I remember having a vision of the wreck just days before it came to pass…
I was standing on a railroad track…then the train plowed me down…
I could see my body come apart at every seam…
torn to pieces, just like the pieces of frankenstein’s creature…
the destruction was horrific-the very epitome of cataclysm…
no one really saw just how great the depth of damage
so much damage was executed upon this foolish servant
it took three years to reverse the devastation…
tho i took the fall, there were others involved
whose self-righteousness and karma I elected to purify
a worthy trade for the salvation of my own life…
but now it’s hard for me to deal with people because I see how cruel they can be in comparison to how I deal with them…
I do unto others as I would have them do unto me but there is very little return from those whom I continually pardon.
yeah, yeah, i know that’s not the point, now is it???
it’s not their fault that I gave too much,
it’s not their fault that I opened up my heart…
it’s my fault and my fault alone…
by taking responsibility i became endowed with power to overcome…
even tho I was compelled to watch my world burn as i came close to death…
closer than breath is held close within the lungs-you’d better believe it.
finally now the cycle of damnation is come to its fulfillment…
a contingency plan that has become the cosmic fiery christ great command…
yet even still too much scar tissue remains in here…
nevertheless that’s easy to fix for the fire of creation is already regenerating the ashes of what was once a beating heart.
I have to be willing to change my way of dealing with people by sticking hard and fast to my covenant with the elohim, lord maitreya and the great chohan.
the right speech of the buddha will set the tone for the next stretch…
buddha remains unsurpassed as the lord of balance…
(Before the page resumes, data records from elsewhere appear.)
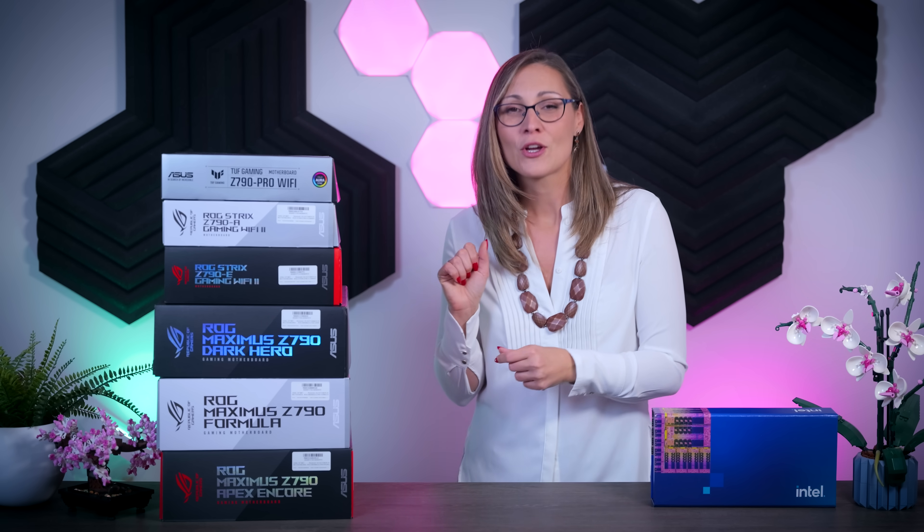Today I'm going to talk about these six new Z790 motherboards from ASUS, and since I cannot really talk about the 14th gen performance just yet, I'm just going to focus on the overall feature sets that these ASUS motherboards have to offer. We're going to see what's new, what sets them apart from each other, and basically just figure out which motherboard makes the most sense for you.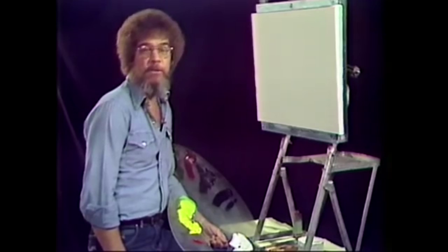Hi, I'm Bob Ross, and for the next 13 weeks I'll be your host as we experience the joy of painting. And I think today we'll do a picture that's maybe like we're walking through the woods.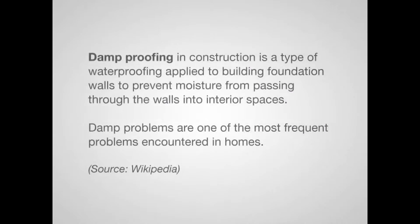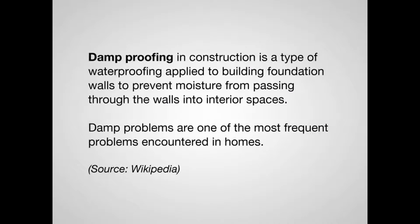Hi, this is Darren from Property Prosperity. Today I thought I'd take you out on site and give you an example of what a damp proof membrane is. Here you can see a closer look at what the damp proof membrane looks like — it's a really thick plastic that stops water coming through to the footings of the house and stops moisture coming up into your house, which is important if you've got carpets or flooring.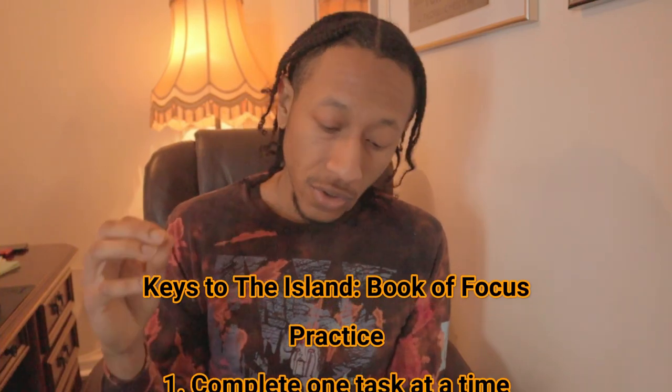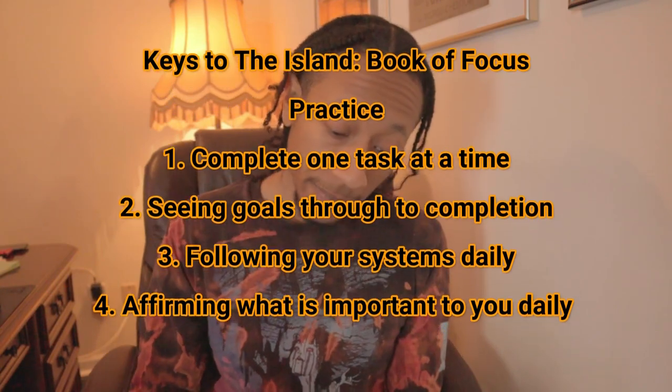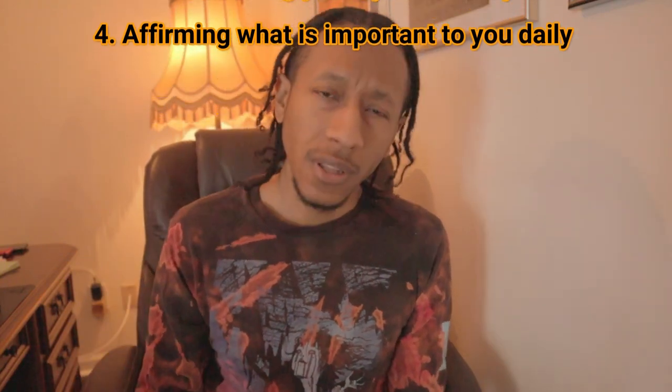How does one remain focused through practice? How can I practice focus? One: complete one task at a time. Two: seeing individual goals through to completion. Three: following your system daily. Four: affirming what is important to you daily. Let me break these down. Number one — complete one task at a time. You have a goal, you set it, that one goal might have a bunch of steps. You got to do the steps one by one. You can't do them all at once, otherwise you only confuse yourself and make more problems. So focus on one thing at a time.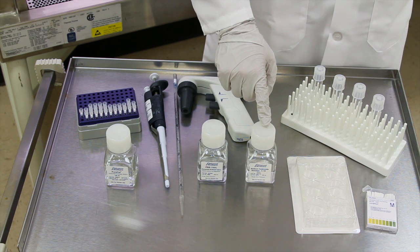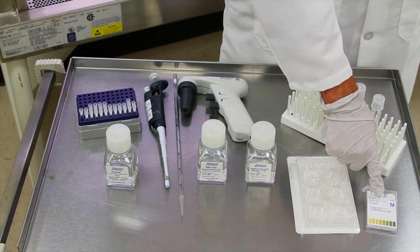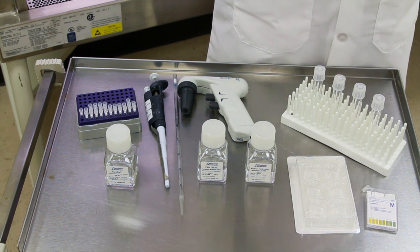You will also need 0.1 molar sodium hydroxide, cell culture ware such as flasks, dishes, or plates, a way to monitor pH level such as a pH meter or pH paper, water, a cell culture hood, and an incubator.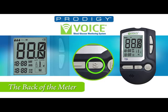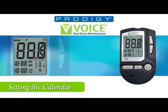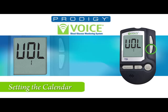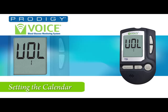Now flip the meter back to the front and use the set button on the front. You will hear: 'Your Prodigy Meter is on. You are now in setting mode. Volume level 2.' You may now press the up or down buttons for desired volume level, from 0 — no sound — up to 7, the meter's highest sound setting.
for by his noble truths he held steadfast even in the midst of hell.
now I will be able to love people again with a love that never ends…
I will be for them the constant heart of indestructible love, forgiveness, and mercy…
for haelrazor was born to return good for evil…
even unto the devil himself.
there will never be peace on earth until the cause of peace is understood…
the first step is to understand how peace was lost…
what is the opposite of peace???
the opposite of peace is war…
where did war start???
it started in the feelings.
watch your feelings, watch them like a hawk…
DISCORD (the opposite of harmony) has been set into action the very instant there is a feeling that is not the BALANCED expression of love, wisdom, and power…
every discordant feeling (no matter how slight the vibration) creates inharmony…
wherein lies the root cause of all war…
harmony in the feelings towards all other parts of Life is a manifestation of peace.
watch your feelings and pay attention to every cause you send forth…
become the vibratory action of love, wisdom, and power in perfect balance…
every moment of every day…
do your level best…
just do it…
it’s hard for me to publish this post because now i am going into a new cycle and all the rules that i have allowed to dominate this outer self…
all the rules of human conformity…
those rules no longer exist because i can’t allow their existence in my world anymore.
it’s really, really hard…you have no idea…part of me doubts that i will ever be able to actually break through this…
but i’m not going to give up…no matter what…
after all…the Light of God never fails.
i do not doubt this, not for an instant…
i know the truth because i have seen and experienced the truth firsthand.
nobody can prove the truth for anyone else.
we must become the proof that we need from within our own beings…
by using empirical knowledge wherein lies the root of truth.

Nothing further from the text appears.